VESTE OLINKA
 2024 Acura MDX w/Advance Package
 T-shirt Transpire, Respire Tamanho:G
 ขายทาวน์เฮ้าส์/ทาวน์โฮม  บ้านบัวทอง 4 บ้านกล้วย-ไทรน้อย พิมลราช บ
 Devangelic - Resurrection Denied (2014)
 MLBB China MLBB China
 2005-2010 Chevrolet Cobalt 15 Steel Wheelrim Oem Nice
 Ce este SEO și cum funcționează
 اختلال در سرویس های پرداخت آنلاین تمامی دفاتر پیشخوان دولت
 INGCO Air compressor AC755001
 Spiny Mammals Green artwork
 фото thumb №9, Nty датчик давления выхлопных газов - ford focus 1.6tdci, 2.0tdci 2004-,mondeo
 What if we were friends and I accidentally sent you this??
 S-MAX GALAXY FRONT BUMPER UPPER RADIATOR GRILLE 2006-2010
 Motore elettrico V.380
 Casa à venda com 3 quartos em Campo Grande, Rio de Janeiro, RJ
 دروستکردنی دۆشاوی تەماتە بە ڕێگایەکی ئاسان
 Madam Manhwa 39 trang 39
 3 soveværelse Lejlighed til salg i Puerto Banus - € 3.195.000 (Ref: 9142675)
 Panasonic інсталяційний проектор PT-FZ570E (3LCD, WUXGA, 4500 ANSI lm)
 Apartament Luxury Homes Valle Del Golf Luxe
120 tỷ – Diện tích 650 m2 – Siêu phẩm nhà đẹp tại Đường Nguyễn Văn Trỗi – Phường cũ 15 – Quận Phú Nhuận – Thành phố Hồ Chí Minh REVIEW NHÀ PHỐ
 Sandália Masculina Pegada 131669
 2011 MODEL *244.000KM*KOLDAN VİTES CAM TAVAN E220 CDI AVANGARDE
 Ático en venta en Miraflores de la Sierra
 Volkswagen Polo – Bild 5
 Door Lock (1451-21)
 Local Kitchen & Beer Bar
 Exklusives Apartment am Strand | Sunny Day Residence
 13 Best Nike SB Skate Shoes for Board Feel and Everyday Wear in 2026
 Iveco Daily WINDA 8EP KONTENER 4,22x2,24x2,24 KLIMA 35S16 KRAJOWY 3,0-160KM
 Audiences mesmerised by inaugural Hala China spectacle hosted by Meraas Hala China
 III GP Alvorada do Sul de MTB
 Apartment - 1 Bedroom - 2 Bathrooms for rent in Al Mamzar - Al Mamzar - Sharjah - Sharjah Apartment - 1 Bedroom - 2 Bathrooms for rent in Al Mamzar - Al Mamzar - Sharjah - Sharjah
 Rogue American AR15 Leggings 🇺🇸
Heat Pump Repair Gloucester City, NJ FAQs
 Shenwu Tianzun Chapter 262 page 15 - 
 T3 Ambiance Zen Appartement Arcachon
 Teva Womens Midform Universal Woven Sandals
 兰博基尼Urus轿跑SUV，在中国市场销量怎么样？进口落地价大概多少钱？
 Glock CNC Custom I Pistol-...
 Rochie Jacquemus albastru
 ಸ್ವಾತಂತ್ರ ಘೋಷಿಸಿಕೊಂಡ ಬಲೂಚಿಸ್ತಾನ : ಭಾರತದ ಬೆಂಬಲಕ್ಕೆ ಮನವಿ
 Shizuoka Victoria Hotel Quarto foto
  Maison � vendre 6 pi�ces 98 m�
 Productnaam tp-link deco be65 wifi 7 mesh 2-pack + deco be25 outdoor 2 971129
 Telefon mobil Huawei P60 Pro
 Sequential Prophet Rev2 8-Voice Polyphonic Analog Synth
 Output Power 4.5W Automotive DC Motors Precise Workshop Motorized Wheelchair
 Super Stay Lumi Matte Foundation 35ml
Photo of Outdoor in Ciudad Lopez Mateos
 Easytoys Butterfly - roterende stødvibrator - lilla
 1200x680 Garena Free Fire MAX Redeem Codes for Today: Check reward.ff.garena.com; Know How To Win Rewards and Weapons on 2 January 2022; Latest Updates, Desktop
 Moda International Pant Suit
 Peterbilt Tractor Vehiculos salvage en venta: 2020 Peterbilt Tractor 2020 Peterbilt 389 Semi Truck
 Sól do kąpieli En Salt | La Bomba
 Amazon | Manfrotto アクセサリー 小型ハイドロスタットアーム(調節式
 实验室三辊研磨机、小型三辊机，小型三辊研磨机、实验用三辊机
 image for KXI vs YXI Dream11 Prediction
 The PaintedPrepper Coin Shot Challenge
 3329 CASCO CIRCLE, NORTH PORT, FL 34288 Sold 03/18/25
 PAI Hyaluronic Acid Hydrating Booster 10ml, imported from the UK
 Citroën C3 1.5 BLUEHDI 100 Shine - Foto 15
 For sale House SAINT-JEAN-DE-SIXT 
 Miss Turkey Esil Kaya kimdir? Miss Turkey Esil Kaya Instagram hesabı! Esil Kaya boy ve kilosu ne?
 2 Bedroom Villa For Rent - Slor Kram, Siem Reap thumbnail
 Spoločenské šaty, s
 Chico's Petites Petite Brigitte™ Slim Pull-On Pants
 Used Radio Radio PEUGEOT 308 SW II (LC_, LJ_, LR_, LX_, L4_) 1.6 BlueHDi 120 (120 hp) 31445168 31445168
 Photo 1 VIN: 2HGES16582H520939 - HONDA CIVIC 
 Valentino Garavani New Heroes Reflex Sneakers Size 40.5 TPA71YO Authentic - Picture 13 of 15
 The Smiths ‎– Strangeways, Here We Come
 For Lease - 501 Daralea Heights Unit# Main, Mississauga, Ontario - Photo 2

THE TASK - Write down the full listing again, exactly.

ANSWER -
VESTE OLINKA
 2024 Acura MDX w/Advance Package
 T-shirt Transpire, Respire Tamanho:G
 ขายทาวน์เฮ้าส์/ทาวน์โฮม  บ้านบัวทอง 4 บ้านกล้วย-ไทรน้อย พิมลราช บ
 Devangelic - Resurrection Denied (2014)
 MLBB China MLBB China
 2005-2010 Chevrolet Cobalt 15 Steel Wheelrim Oem Nice
 Ce este SEO și cum funcționează
 اختلال در سرویس های پرداخت آنلاین تمامی دفاتر پیشخوان دولت
 INGCO Air compressor AC755001
 Spiny Mammals Green artwork
 фото thumb №9, Nty датчик давления выхлопных газов - ford focus 1.6tdci, 2.0tdci 2004-,mondeo
 What if we were friends and I accidentally sent you this??
 S-MAX GALAXY FRONT BUMPER UPPER RADIATOR GRILLE 2006-2010
 Motore elettrico V.380
 Casa à venda com 3 quartos em Campo Grande, Rio de Janeiro, RJ
 دروستکردنی دۆشاوی تەماتە بە ڕێگایەکی ئاسان
 Madam Manhwa 39 trang 39
 3 soveværelse Lejlighed til salg i Puerto Banus - € 3.195.000 (Ref: 9142675)
 Panasonic інсталяційний проектор PT-FZ570E (3LCD, WUXGA, 4500 ANSI lm)
 Apartament Luxury Homes Valle Del Golf Luxe
120 tỷ – Diện tích 650 m2 – Siêu phẩm nhà đẹp tại Đường Nguyễn Văn Trỗi – Phường cũ 15 – Quận Phú Nhuận – Thành phố Hồ Chí Minh REVIEW NHÀ PHỐ
 Sandália Masculina Pegada 131669
 2011 MODEL *244.000KM*KOLDAN VİTES CAM TAVAN E220 CDI AVANGARDE
 Ático en venta en Miraflores de la Sierra
 Volkswagen Polo – Bild 5
 Door Lock (1451-21)
 Local Kitchen & Beer Bar
 Exklusives Apartment am Strand | Sunny Day Residence
 13 Best Nike SB Skate Shoes for Board Feel and Everyday Wear in 2026
 Iveco Daily WINDA 8EP KONTENER 4,22x2,24x2,24 KLIMA 35S16 KRAJOWY 3,0-160KM
 Audiences mesmerised by inaugural Hala China spectacle hosted by Meraas Hala China
 III GP Alvorada do Sul de MTB
 Apartment - 1 Bedroom - 2 Bathrooms for rent in Al Mamzar - Al Mamzar - Sharjah - Sharjah Apartment - 1 Bedroom - 2 Bathrooms for rent in Al Mamzar - Al Mamzar - Sharjah - Sharjah
 Rogue American AR15 Leggings 🇺🇸
Heat Pump Repair Gloucester City, NJ FAQs
 Shenwu Tianzun Chapter 262 page 15 - 
 T3 Ambiance Zen Appartement Arcachon
 Teva Womens Midform Universal Woven Sandals
 兰博基尼Urus轿跑SUV，在中国市场销量怎么样？进口落地价大概多少钱？
 Glock CNC Custom I Pistol-...
 Rochie Jacquemus albastru
 ಸ್ವಾತಂತ್ರ ಘೋಷಿಸಿಕೊಂಡ ಬಲೂಚಿಸ್ತಾನ : ಭಾರತದ ಬೆಂಬಲಕ್ಕೆ ಮನವಿ
 Shizuoka Victoria Hotel Quarto foto
  Maison � vendre 6 pi�ces 98 m�
 Productnaam tp-link deco be65 wifi 7 mesh 2-pack + deco be25 outdoor 2 971129
 Telefon mobil Huawei P60 Pro
 Sequential Prophet Rev2 8-Voice Polyphonic Analog Synth
 Output Power 4.5W Automotive DC Motors Precise Workshop Motorized Wheelchair
 Super Stay Lumi Matte Foundation 35ml
Photo of Outdoor in Ciudad Lopez Mateos
 Easytoys Butterfly - roterende stødvibrator - lilla
 1200x680 Garena Free Fire MAX Redeem Codes for Today: Check reward.ff.garena.com; Know How To Win Rewards and Weapons on 2 January 2022; Latest Updates, Desktop
 Moda International Pant Suit
 Peterbilt Tractor Vehiculos salvage en venta: 2020 Peterbilt Tractor 2020 Peterbilt 389 Semi Truck
 Sól do kąpieli En Salt | La Bomba
 Amazon | Manfrotto アクセサリー 小型ハイドロスタットアーム(調節式
 实验室三辊研磨机、小型三辊机，小型三辊研磨机、实验用三辊机
 image for KXI vs YXI Dream11 Prediction
 The PaintedPrepper Coin Shot Challenge
 3329 CASCO CIRCLE, NORTH PORT, FL 34288 Sold 03/18/25
 PAI Hyaluronic Acid Hydrating Booster 10ml, imported from the UK
 Citroën C3 1.5 BLUEHDI 100 Shine - Foto 15
 For sale House SAINT-JEAN-DE-SIXT 
 Miss Turkey Esil Kaya kimdir? Miss Turkey Esil Kaya Instagram hesabı! Esil Kaya boy ve kilosu ne?
 2 Bedroom Villa For Rent - Slor Kram, Siem Reap thumbnail
 Spoločenské šaty, s
 Chico's Petites Petite Brigitte™ Slim Pull-On Pants
 Used Radio Radio PEUGEOT 308 SW II (LC_, LJ_, LR_, LX_, L4_) 1.6 BlueHDi 120 (120 hp) 31445168 31445168
 Photo 1 VIN: 2HGES16582H520939 - HONDA CIVIC 
 Valentino Garavani New Heroes Reflex Sneakers Size 40.5 TPA71YO Authentic - Picture 13 of 15
 The Smiths ‎– Strangeways, Here We Come
 For Lease - 501 Daralea Heights Unit# Main, Mississauga, Ontario - Photo 2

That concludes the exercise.